What stays in my mind the most about Voices in the Evening is the dialogue. It starts off innocuously enough: Elsa and her mother are returning from the doctor’s, and the conversation is distinctly one-sided:

‘One can see that there is a party somewhere,’ [Elsa’s mother] added, ‘at the Terenzis’ very likely. Everyone who goes has to take something. Nowadays many people do that.’

She said, ‘But they don’t invite you, do they?’

‘They don’t invite you,’ she said, ‘because they think that you give yourself airs.…’

(translation by D.M. Low)

But, as the novel progresses, its conversations become increasingly barbed, until we have characters literally talking themselves out of their relationships:

‘Formerly,’ he said, ‘I told you everything that came into my head. Not any more, now. Now I have lost the wish to tell you things. What I think about now, I tell a little of it to myself, and then I bury it. I send it underground. Then, little by little, I shall not tell things any more even to myself. I shall drive everything underground, every random thought, before it can take shape.’
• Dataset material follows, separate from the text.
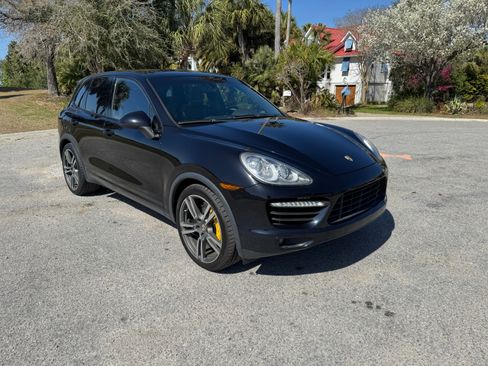 Used 2011 Porsche Cayenne Turbo image 4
Overall, it’s as though Ginzburg is exploring the effects of the war on people’s lives at the level of dialogue, more so than the level of event. Reading Voices in the Evening is like eavesdropping on a community that’s been worn down by everything it has been through.

Book details

Voices in the Evening (1961) by Natalia Ginzburg, translated by D.M Low (1963), Daunt Books Publishing, 157 pages, paperback.